Un juge de l’exécution de Nanterre a condamné il y a une semaine, la Société financière du caoutchouc (Socfin) appartenant à l’industriel français Bolloré, à payer 140 000 euros à des paysans camerounais pour ne pas avoir transmis des documents qui pourraient établir les liens du groupe avec l’entreprise Bolloré, selon un jugement consulté par l’AFP.
Les 145 riverains dénoncent l’exploitation de palmiers par la Socapalm (Société camerounaise de palmeraies) près de leur lieu de vie.
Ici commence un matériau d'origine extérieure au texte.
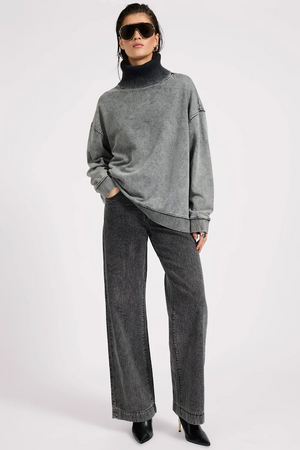FLEECE ROLL NECK SWEATER - WORN BLACK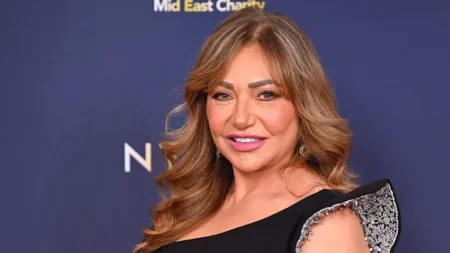 "لوك كاجوال جذاب".. 5 صور ومعلومات عن إطلالة ليلى علوي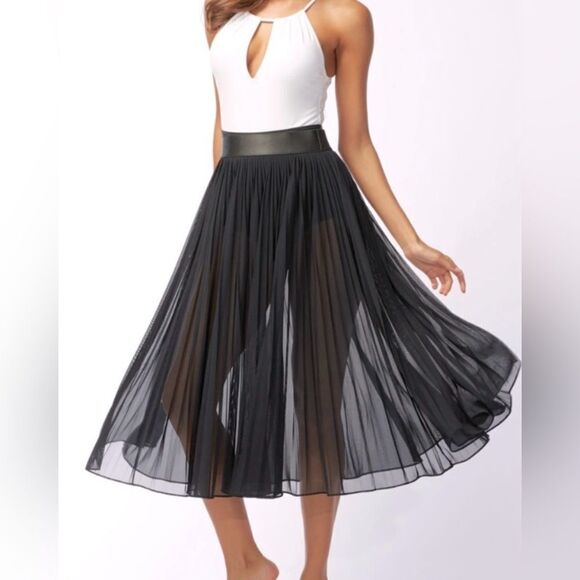 Carmen Marc Valvo Other - Carmen Marc Valvo swim mesh skirt size Small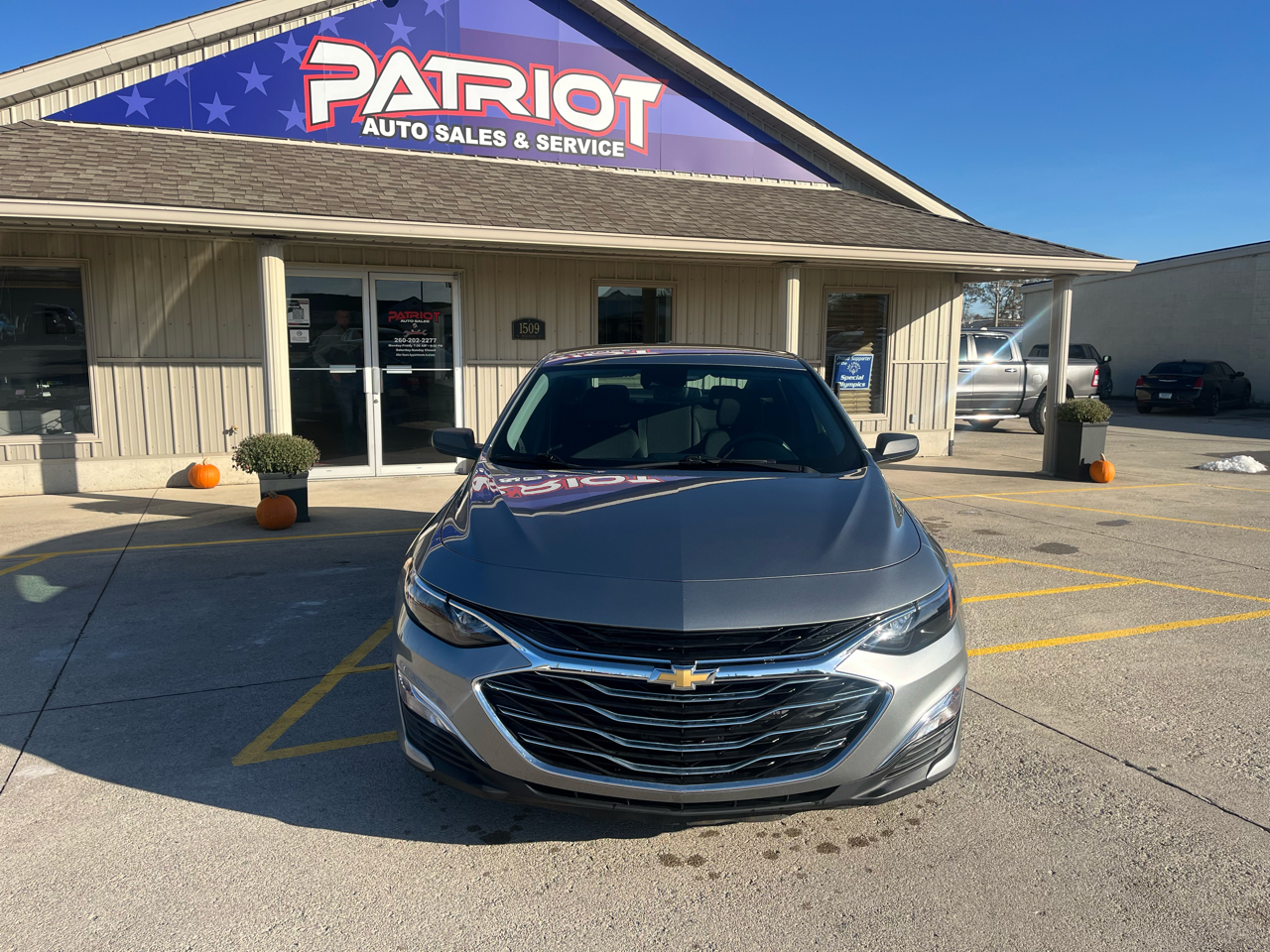 2023 Chevrolet Malibu LS photo 2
Selon eux, elle condamne leur accès à des terrains et lieux de sépulture, et pollue les eaux dont ils dépendent.
Or ils assurent que la Socapalm est contrôlée par le groupe Bolloré via la holding belgo-luxembourgeoise Socfin, ce qui soumettrait le géant industriel français au « devoir de vigilance » sur ses activités.
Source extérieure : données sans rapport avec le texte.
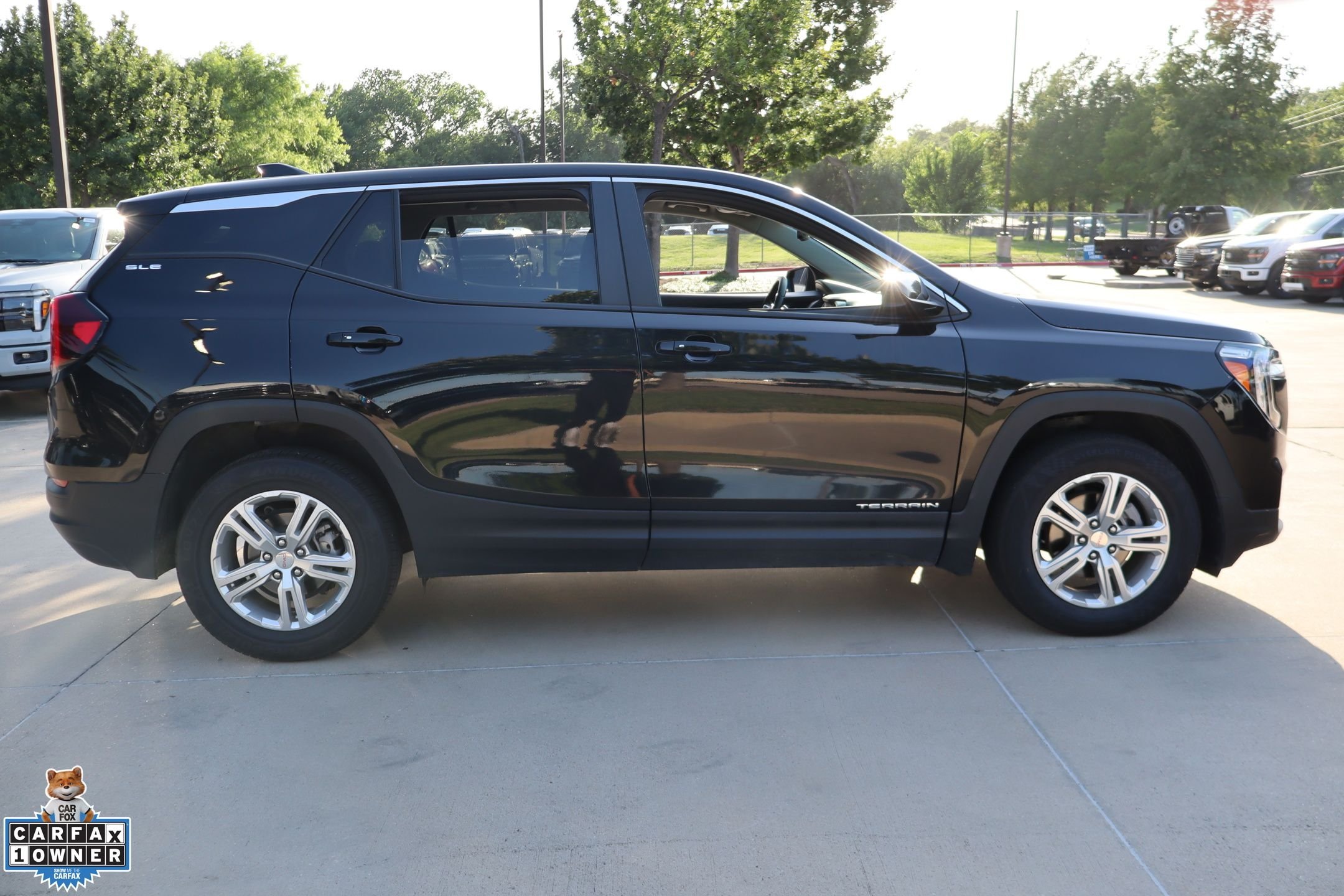 Used 2024 Ebony Twilight Metallic GMC SLE image 2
Une loi de 2017 oblige les plus grandes entreprises à prévenir les atteintes graves envers les droits humains et l’environnement chez leurs sous-traitants et fournisseurs étrangers.
La décision du juge d’exécution est « la première victoire concrète qui se base sur la loi de responsabilité sociale des entreprises, même si c’est par ricochet, par une liquidation d’astreinte », se félicite leur avocat, Me Fiodor Rilov.
En décembre, la cour d’appel de Versailles (ouest de Paris) a reconnu que les activités de la Socapalm sont « susceptibles de porter atteinte aux droits fondamentaux » des demandeurs « et notamment à leur droit à un environnement sain ».
La cour avait donc demandé la production des procès-verbaux des assemblées générales de Socfin et Socapalm des quatre derniers exercices pour « déterminer le rôle exact joué par la société Bolloré SE en leur sein ».
Socfin a bien partagé certains documents mais en « a délibérément écarté certaines pièces », note le juge de l’exécution, qui a également accepté la demande de l’avocat des Camerounais d’augmenter le montant de l’astreinte, à 10 000 euros par jour de retard de remise des documents.